Pete got up from the chair and pushed it back into place. "I know she did, but she's always loved you more." In response to Helena's stunned expression, he said, "One of the first things they tell you in recovery is to accept the things you can't change. It's even part of the prayer, you know? If I was going to be with Myka, that was something I was going to have to accept, and I did." He approached the breakfast bar, eyes never leaving Helena's face. "And being with her and having Drew, it was better than I ever expected. When I first started getting the vibes, again, I kicked at it, sure, and tried to pretend it wasn't going to happen. But I had a choice to make, I either accepted that you were going to waltz back into our lives, or I did something stupid that would cost me Drew. And I wasn't going to lose him, H.G., not over you."

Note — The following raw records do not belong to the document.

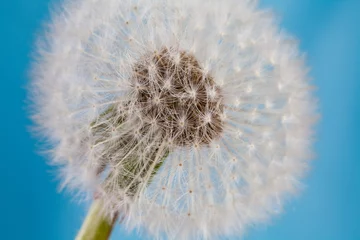 Rolgordijnen Dandelion flower, blowball macro view © besjunior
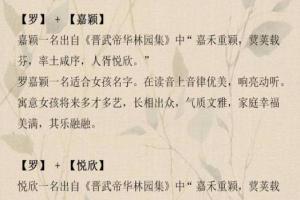 姓罗取名字大全集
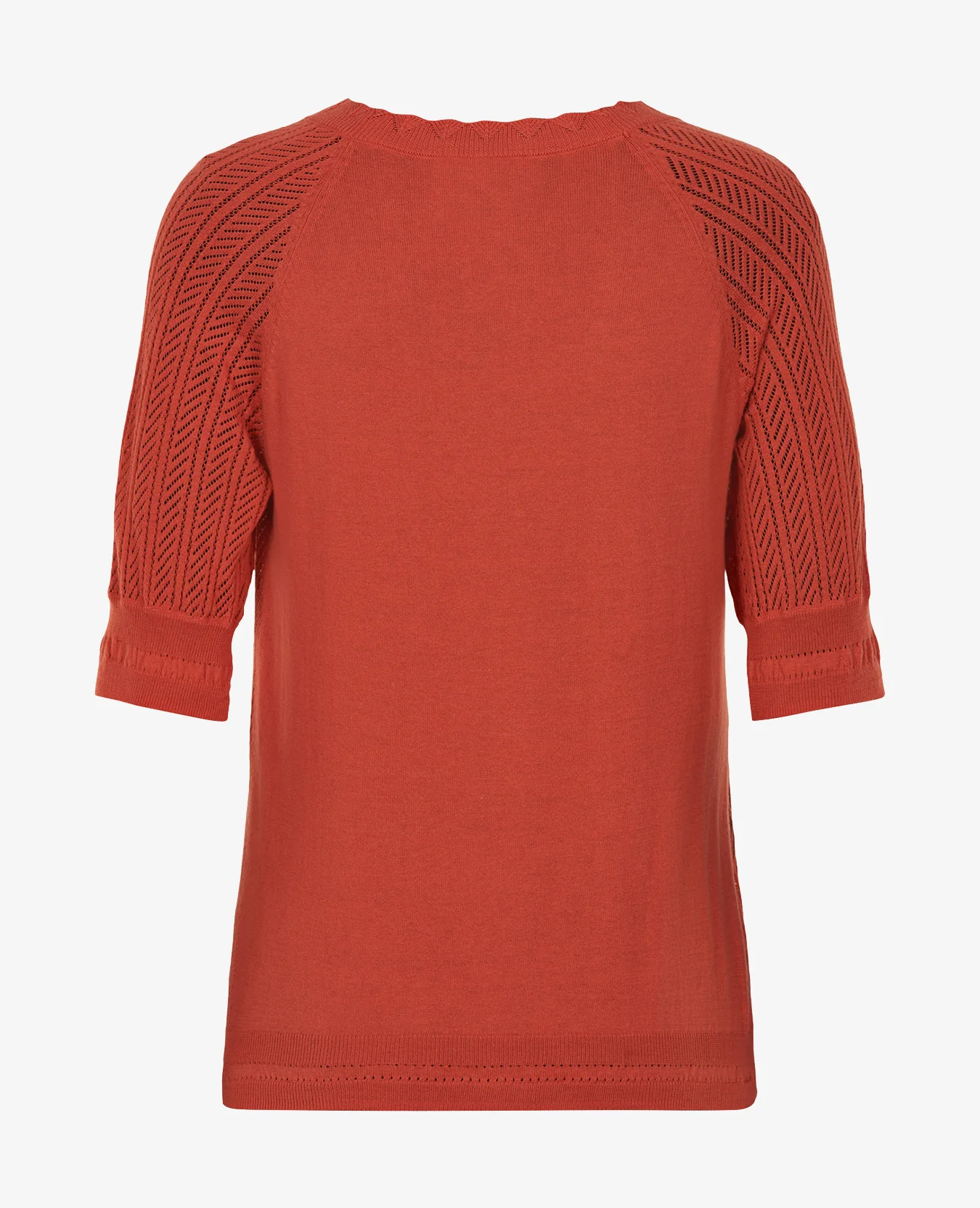 ORGANIC COTTON KNIT - Image 2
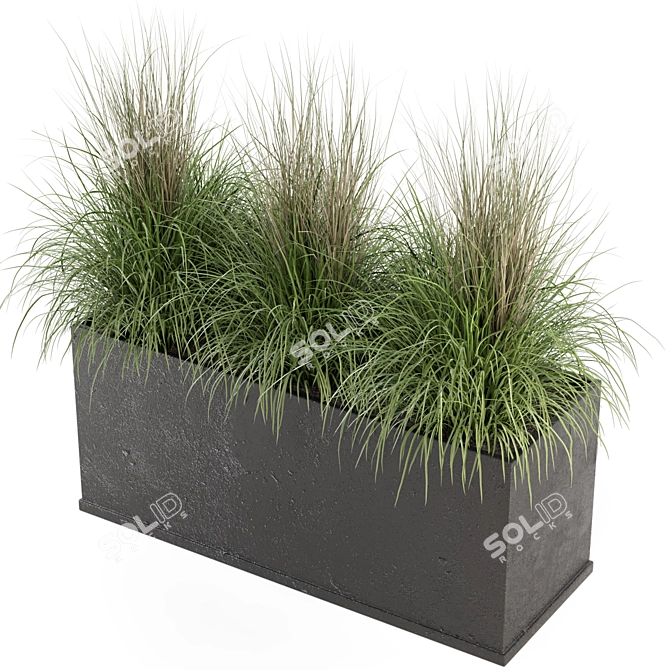 Rusty Concrete Pot with Outdoor Plants 3D model image 2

Helena inhaled shakily. "You do understand how I felt about Christina. Nothing was more precious." She searched his face, seeing traces of an old resentment (how could there not be?) but, what was more, seeing an acceptance that encompassed not only her imperfections and his but Myka's as well. Because in a perfect world, perhaps not perfect but better than the one they were in, Myka wouldn't have given her a second look, wouldn't have found her sad history a magnetic draw, would have found her, in fact, just a mess with not an iota of hotness.

Slapping the counter decisively, Pete said, "Enough with the gooey stuff. You and I, we're not gooey, and I guarantee you, I have no desire to see you and Myka all gooey with each other."

Helena cleared her throat. "We'll keep the excessive PDAs to a minimum." Which wouldn't be hard at this point, their Wednesday lunch not auguring much in the way of volcanic passion, passion period. She looked at a can of Hormel's chili, it really didn't sound bad at all. "Pete, would you humor me and tell me when you started to get the vibes about me?"

He was almost out of the apartment, but he made a quarter-turn and leaned against the jamb. "I can't pinpoint it for you, but I'd say they started four or five years ago. Just a few, but they got stronger a couple of years ago, I was getting them, like, every month. It didn't come to me as a surprise when, at about the same time, Myka said she wanted a divorce. Can't fight fate, H.G."

Five years ago she had still been living on Capri, which had been a rather whimsical choice of residence on her part, made mainly out of the knowledge that, for years, it had served as a temporary home for other footloose ex-patriates. But tiring of Italian politics and of her involvement with an Italian model, she had decided to relocate once again. The fact that relocating to New York would put her some several thousand miles closer to Myka hadn't even entered her mind. Two years ago, she wasn't thinking of Myka either. She was busy doing her appraisals and what little down time she had, Suzanne or some other willing body filled it adequately enough.

Pete's vibes about her hadn't been heralding her return. They had been about something else. As Helena searched the kitchen drawers for a can opener and a saucepan to heat the chili in, she knew she didn't want to know what Pete had actually been sensing.